Understanding the four-step innovation process
More specifically, the process helps businesses solve complex problems with creative ideas instead of relying on low-impact, quick-fix solutions. To that end, the four-step innovation process ensures that creative ideas have actual value in a business setting by delivering an appreciable return on investment.
The primary advantage of the process is that needs are defined early on. This allows businesses the freedom to be creative while also working toward their goals in a focused manner.
The four steps of the innovation process
1 – Framework development/problem identification
The initial step encourages employees to determine how they might solve the problem of innovation by considering its history. In other words, has anyone tried to innovate before? If so, were they successful? Why or why not?
Then, consider the context of the problem. How does it relate to a broader project or strategy? Are there projects with similar contexts? Innovation is more cost-effective when something new can be sold to a market that a business already operates in.
When defining the problem, phrase it as a question. For example, “How will the business reduce customer wait times by 45 minutes?”
The benefits of this method are two-fold. Questions help define an objective in addition to a benchmark for success.
Once the problem has been defined, it’s time to identify boundaries. These include budgetary and time-related constraints and the approval of a decision-maker who will ultimately decide the fate of a project going forward.

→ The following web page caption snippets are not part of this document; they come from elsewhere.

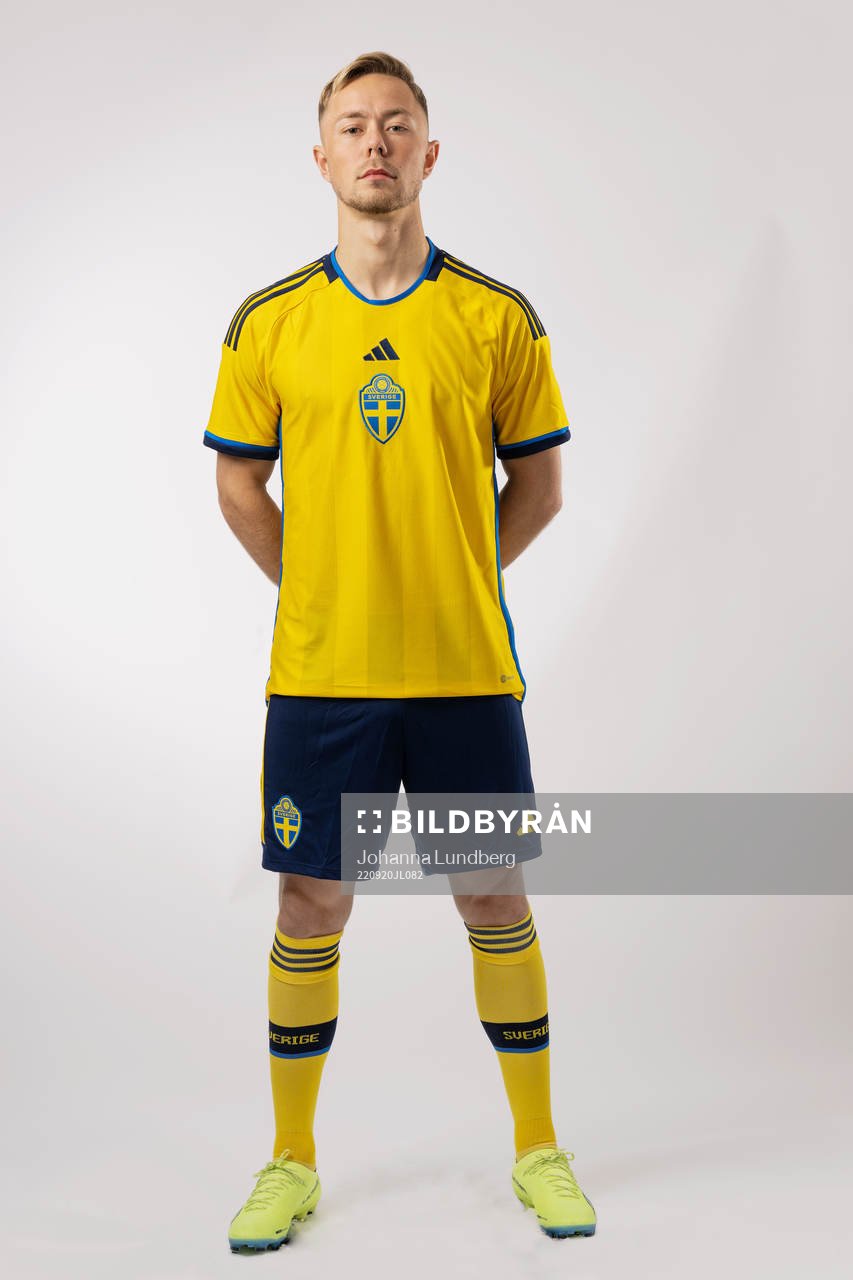 Joel Andersson of the Swedish national football team poses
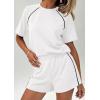 image:imagePRETTYGARDEN Shorts Sets Women 2 Piece Outfits Summer 2026 Matching Workout Athletic Clothing Casual Spring Travel LoungewearWhite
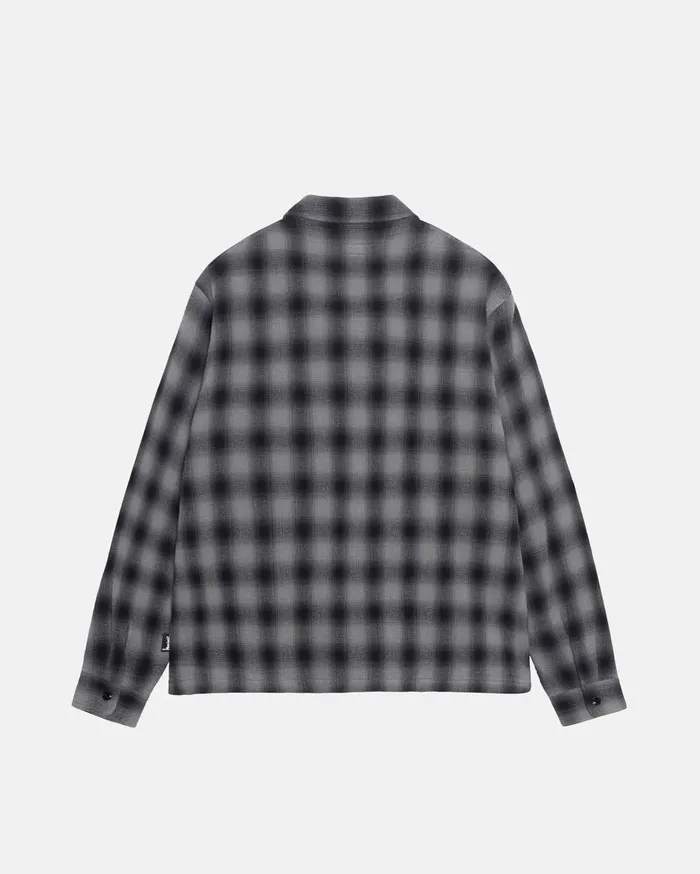 Stussy Shirts ZIP SHIRT TWISTED YARN PLAID Charcoal 8211 MenWomen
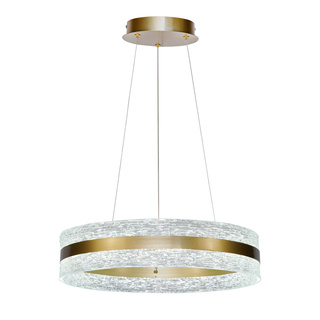 Lampa wisząca Castillo okrągła 60 cm złota kryształki LED zmienna barwa światła
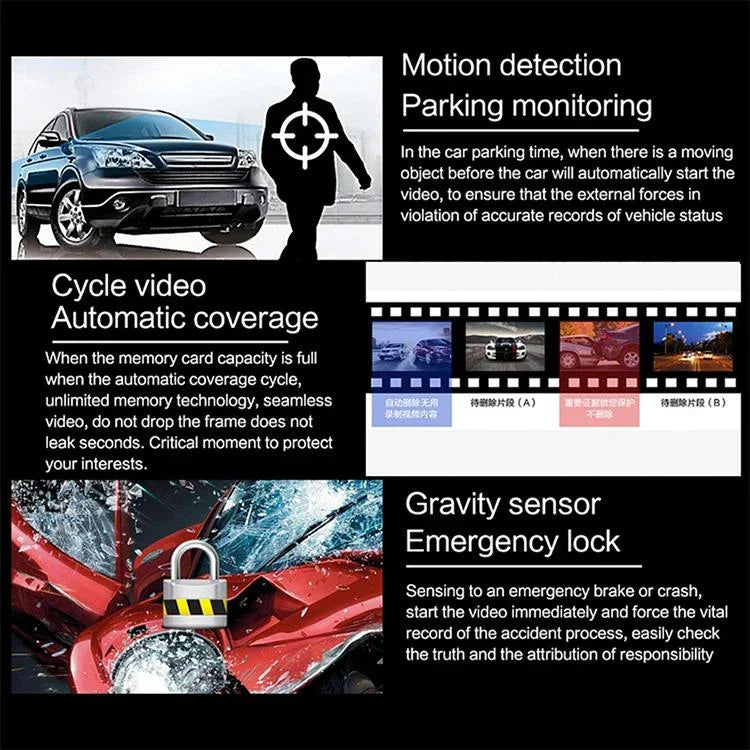 Z30 WiFi Dual-lens HD 2160P Non-light Night Vision 360-degree Panoramic Driving Recorder, GPS Version, Z30 GPS Version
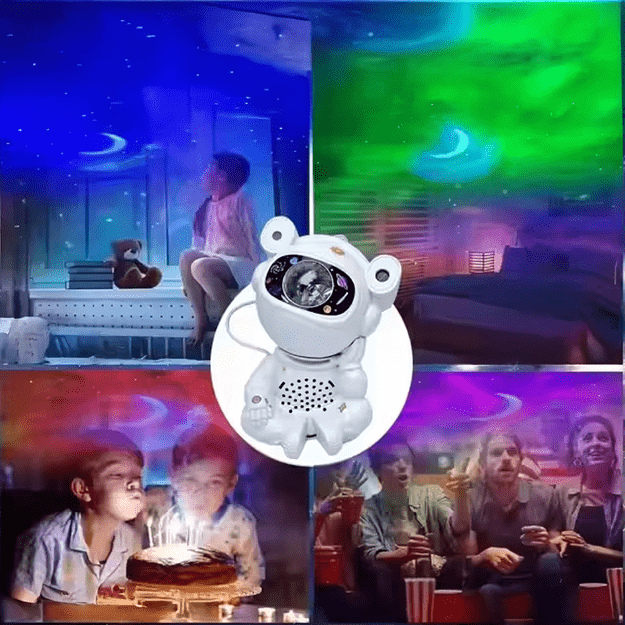 Projektor Gwiazd Astonauta Lampka Nocna Rzutnik dla Dzieci Kosmos Pilot USB 25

2 – Develop a concept/solution
Here, ideas generated in step one are subject to an intensive analysis using:
- Consumer research – in the form of a buyer persona or a specific target audience. What are their needs and how many needs are unfulfilled? Compare notes with information collated during the problem definition phase.
- Market research – what is the total addressable market (TAM)?
- Analysis of the competition – including the potential for entering a market through differentiation.
- Risk and feasibility studies – are there any barriers or risks to innovation such as laws, regulations, or patents?
In the idea generation process, avoid discounting ideas entirely – no matter how unrealistic they may sound.
3 – Testing and refinement
While testing and refining the idea, it’s important to gather iterative feedback from customers if possible. Prototype feedback from test users in particular is sacrosanct and should never be neglected.
4 – Market release
Releasing an innovative product to market requires that strategies identified in the previous step are activated.
As the product becomes established, the innovation process continues through regular evaluation of customer feedback and quantitative market analysis. A business should never rest on its laurels and assume that product innovation ends at a fixed point in time. To increase profit margins or maintain market share, businesses should also use the 4 Ps of marketing.
- The four-step innovation process gives businesses a framework with which to navigate the uncertainty, risk, and complexity of innovation.
- By identifying the problems associated with innovation early, the four-step innovation process allows businesses the freedom to work creatively and intentionally toward their goals.
- Unsurprisingly, the four-step innovation process consists of four steps. The first step involves defining the problem in a broader market context. In the following steps, concepts are formulated and tested through market research and iterative feedback before market release.